Vice Chairman of the Shanxi Provincial Committee of the Chinese People's Political Consultative Conference
- Incumbent
- Assumed office January 2025

Personal details
- Born: April 1965 (age 61) Changzhi, Shanxi, China
- Party: Chinese Communist Party
- Alma mater: Central Party School of the Chinese Communist Party

= Zheng Liansheng =

Chinese politician (born 1965)

Zheng Liansheng (郑连生; born April 1965) is a Chinese politician who serves as Vice Chairman of the Shanxi Provincial Committee of the Chinese People's Political Consultative Conference and Director of the Office of the Commission for Overall Law-based Governance of Shanxi Province. He is a member of the Chinese Communist Party.

== Biography ==
Zheng Liansheng was born in Changzhi, Shanxi, in April 1965. He began his career in September 1985 at Changzhi Normal School, where he worked as an administrative officer and later served as deputy secretary of the Communist Youth League committee. He subsequently studied at the Party School of the Shanxi Provincial Committee of the Chinese Communist Party and later pursued further studies at the Central Party School.

Zheng held a number of positions in the Organization Department of the Shanxi Provincial Committee of the CCP, including principal staff member, assistant researcher, and division-level secretary. In 2003, he was appointed head of the Organization Department of the Linfen Municipal Committee, and later became a member of the Standing Committee of the Linfen Municipal Committee.

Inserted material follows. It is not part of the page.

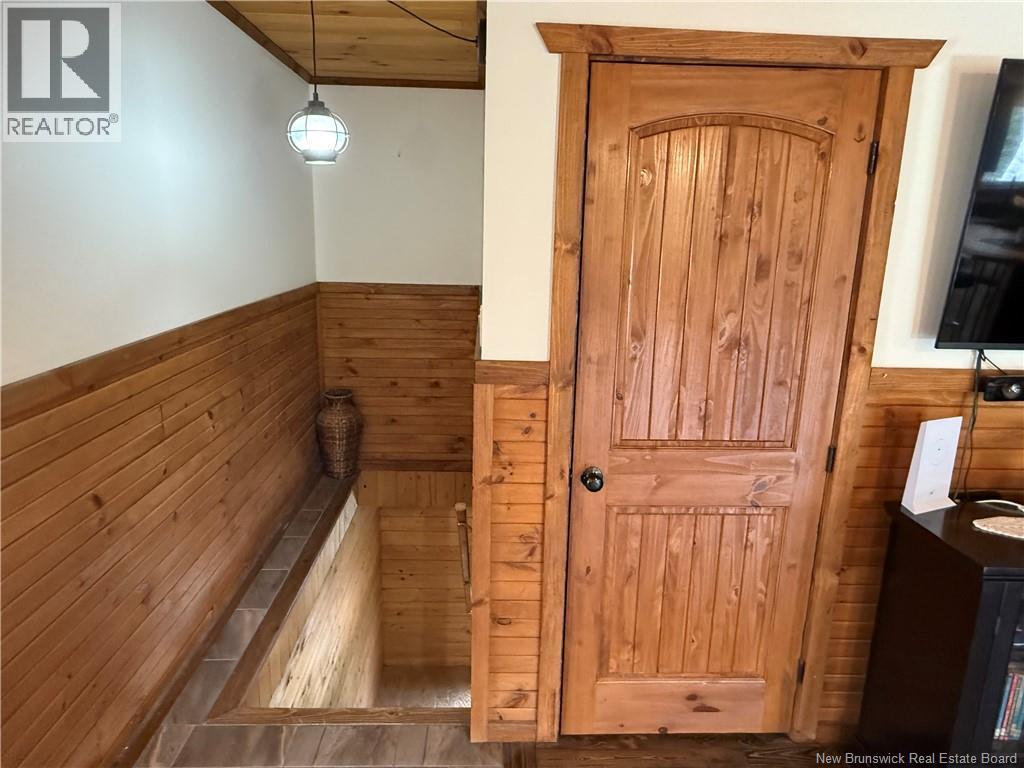 15833 Undine Road - 32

In 2008, Zheng was transferred to Xinzhou, where he served as deputy secretary of the Municipal Committee and concurrently as president of the Party School. In 2012, he was appointed acting mayor of Xinzhou and was confirmed as mayor in March of the same year, serving until 2020. In March 2020, he became party secretary of Xinzhou, and in October 2021 he was promoted to the Standing Committee of the Shanxi Provincial Committee of the CCP while continuing to serve as party secretary of Xinzhou.

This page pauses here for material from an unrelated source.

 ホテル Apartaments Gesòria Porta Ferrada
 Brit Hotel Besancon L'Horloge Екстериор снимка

In November 2021, Zheng was appointed secretary of the Political and Legal Affairs Commission of the Shanxi Provincial Committee and concurrently served as director of the Office of the Commission for Overall Law-based Governance of Shanxi Province. In January 2025, he was appointed Vice Chairman of the Shanxi Provincial Committee of the Chinese People's Political Consultative Conference while retaining his role in the provincial legal affairs system. In March 2026, he ceased to serve on the Standing Committee of the Shanxi Provincial Committee but continued as director of the provincial law-based governance office and vice chairman of the CPPCC Shanxi Provincial Committee.